This lender tears into Jaypee Infra bid evaluation process; know why
India Infrastructure Finance Co Ltd (IIFCL), which has claims of about Rs 900 crore or 10.57 per cent of Jaypee's total debt, wants a "fair and transparent" process adopted and the current evaluation that pegs the company's worth at less than half of its market value of Rs 17,110 crore, be "summarily scraped
A key lender to bankruptcy-hit Jaypee Infratech has ripped apart the bid evaluation process followed by the resolution professional conducting the auction of the firm, saying it has "serious deficiencies and shortcomings." India Infrastructure Finance Co Ltd (IIFCL), which has claims of about Rs 900 crore or 10.57 per cent of Jaypee's total debt, wants a "fair and transparent" process adopted and the current evaluation that pegs the company's worth at less than half of its market value of Rs 17,110 crore, be "summarily scraped." IIFCL, in a letter to the resolution professional, tore into its valuers assuming a much less toll collections from Jaypee-built expressway.
"The valuation conducted by the lenders consortium recently during 2017, the pessimist scenario for the toll collection from the expressway aggregate to Rs 67,980 crore during the remaining concession period ie from April 2018 to August 2048", it wrote. "Considering a discounting factor of 8 per cent per annum, the net present value (NPV) works out to Rs 15,426 crore. However, the valuer had assigned a valuation of Rs 2,395 crore only," it pointed out. IIFCL said when it enquired about the basis of arriving at such low valuation, "no credible explanation has been offered." "The valuation reports need to be revised reflecting the true and fair valuations," it said.

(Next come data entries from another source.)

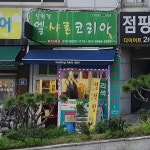 엘샤론코리아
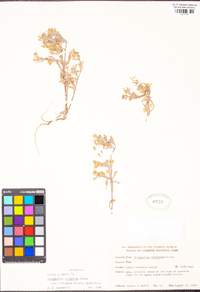 Eriophyllum nubigenum image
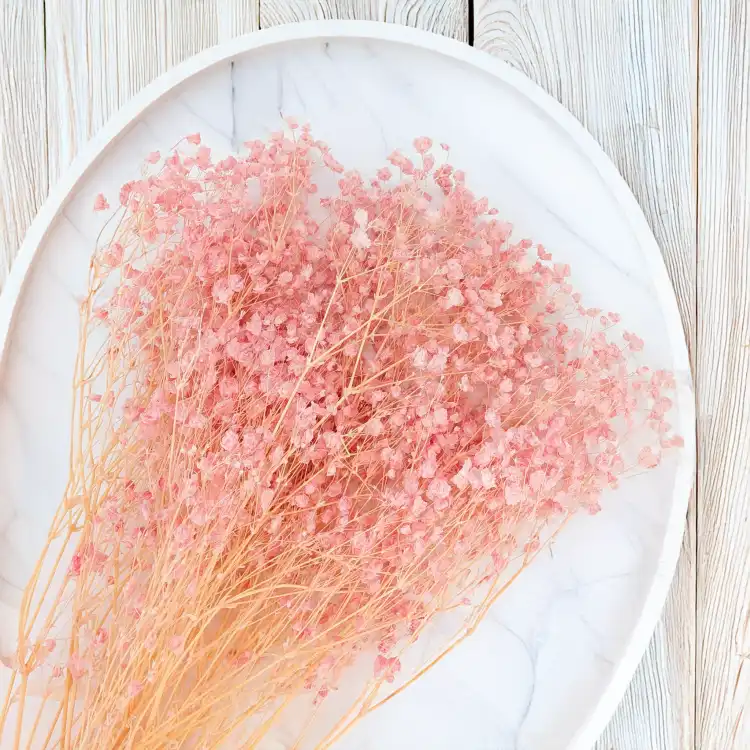 gips royal baby pink 4.png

Also, the distress sale value of the land the company has, is also at huge variation with the valuation carried out earlier, it said. It went on to state that the scores assigned by Deloitte and IDBI Capital, who are advising the Committee of Creditors on evaluation of bids received for sale of Jaypee, have been "arbitrary and fair practice have not been adopted." "The opaque process adopted and denying the information/details to committee of creditors (CoC) members even after furnishing separate non-disclosure agreements (NDA) is viewed with concern," IIFCL said.
"We also condemn the unfair and unjust method adopted by CoC advisors, which make us to presume that we are forced to favour certain applicant (bidder) while rejecting better offers from others," it added. The lender asked the resolution professional to exercise "utmost caution" and adopt "a fair and transparent process." "The evaluation matrix prepared by the CoC advisors be summarily scraped," it said. "The bid evaluation process followed have serious deficiencies and shortcomings and the same need to be rectified immediately."
"True picture of cash flows" has not been properly captured, IIFCL said, adding the advisors did not give hard copies of bids made to the lenders, thereby "restricting" them from examining "the details for finer aspects of the bids." "It has been observed in quantitative analysis (that) they have assigned zero value towards cash infusion for real estate construction," it said. Dark-horse Lakshadweep Pvt Ltd, a joint venture between Sudhir Valia-led Suraksha Asset Reconstruction Company and Mumbai-based Dosti Reality, as emerged as the front-runner to acquire Jaypee Infratech with a bid of around Rs 7,350 crore.
This bid is not considered better than the proposal Jaypee Infratech Ltd (JIL) had made to the joint lenders forum chaired by MDs of IDBI and IIFCL on March 8, 2017, months before the real estate company was referred to NCLT. To pay off Rs 8,500 crore of debt including interest, JIL had offered to pay 10 per cent per annum interest on Rs 3,140 crore of sustainable debt to be retained on its books, and the rest to be paid off by giving 448 acres of land worth Rs 2,340 crore as well as optionally convertible debentures and conversion of debt into equity, sources said.
Lenders were to get an equity of 23 per cent following this exercise where Yes Bank had agreed to give Rs 1,100 crore to promoters for infusing in the business. But the joint lenders forum did not act on the understanding reached during the March meeting. In June 2016, the company figured in the Reserve Bank of India's list of 12 big corporate defaulters, which was referred to NCLT for insolvency proceedings.